All that is needed is an exact repetition of the lines from the one containing "Chart 16530 Captains" through the final line of the material, without pictures.

Information provided:
"""

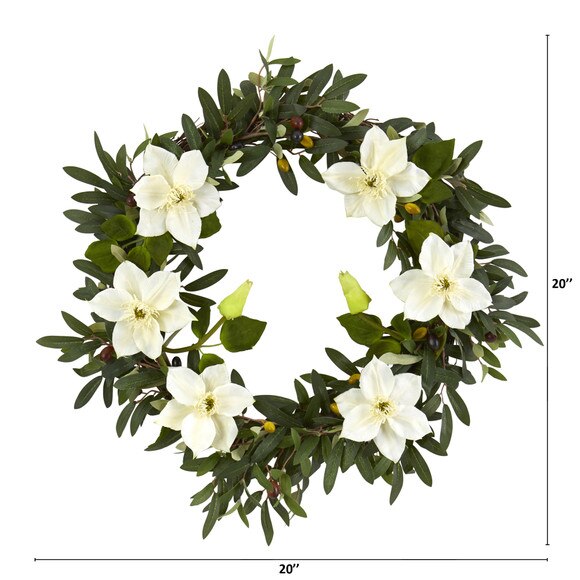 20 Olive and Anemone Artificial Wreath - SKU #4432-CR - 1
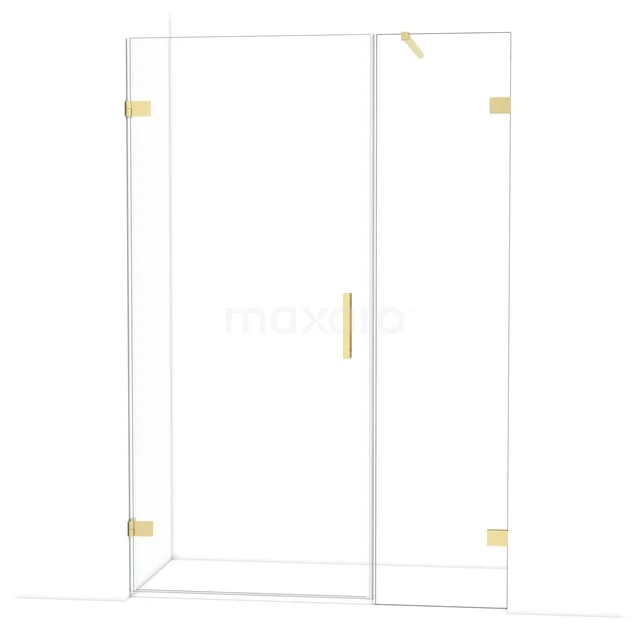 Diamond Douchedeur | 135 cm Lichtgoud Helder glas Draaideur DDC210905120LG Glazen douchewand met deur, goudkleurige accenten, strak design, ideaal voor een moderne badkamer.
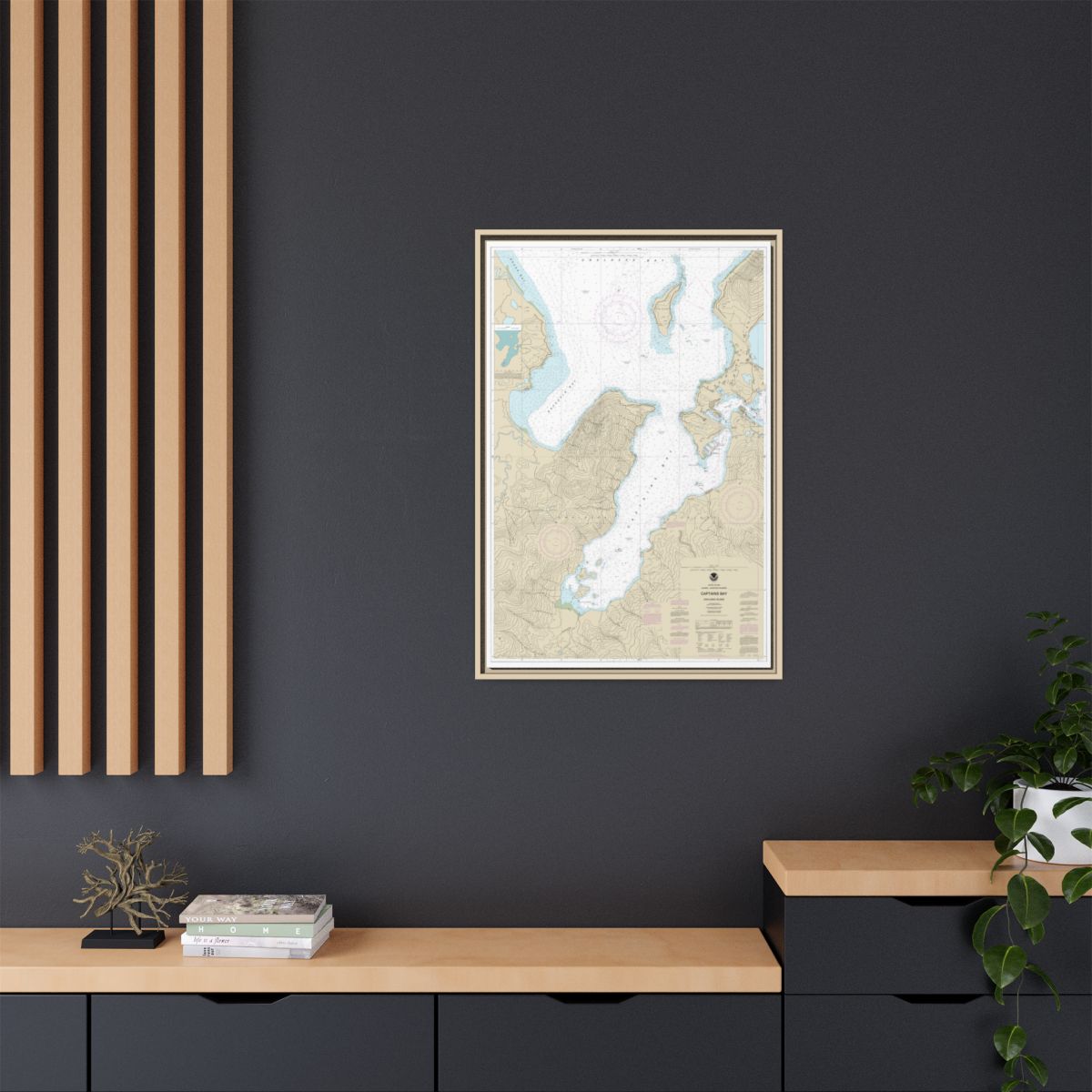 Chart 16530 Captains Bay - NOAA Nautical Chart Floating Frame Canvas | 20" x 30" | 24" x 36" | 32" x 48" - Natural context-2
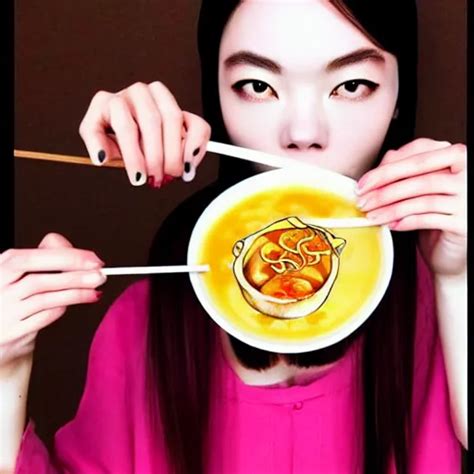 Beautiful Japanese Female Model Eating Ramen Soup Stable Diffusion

"""

Written solution:
 Chart 16530 Captains Bay - NOAA Nautical Chart Floating Frame Canvas | 20" x 30" | 24" x 36" | 32" x 48" - Natural context-2
 Beautiful Japanese Female Model Eating Ramen Soup Stable Diffusion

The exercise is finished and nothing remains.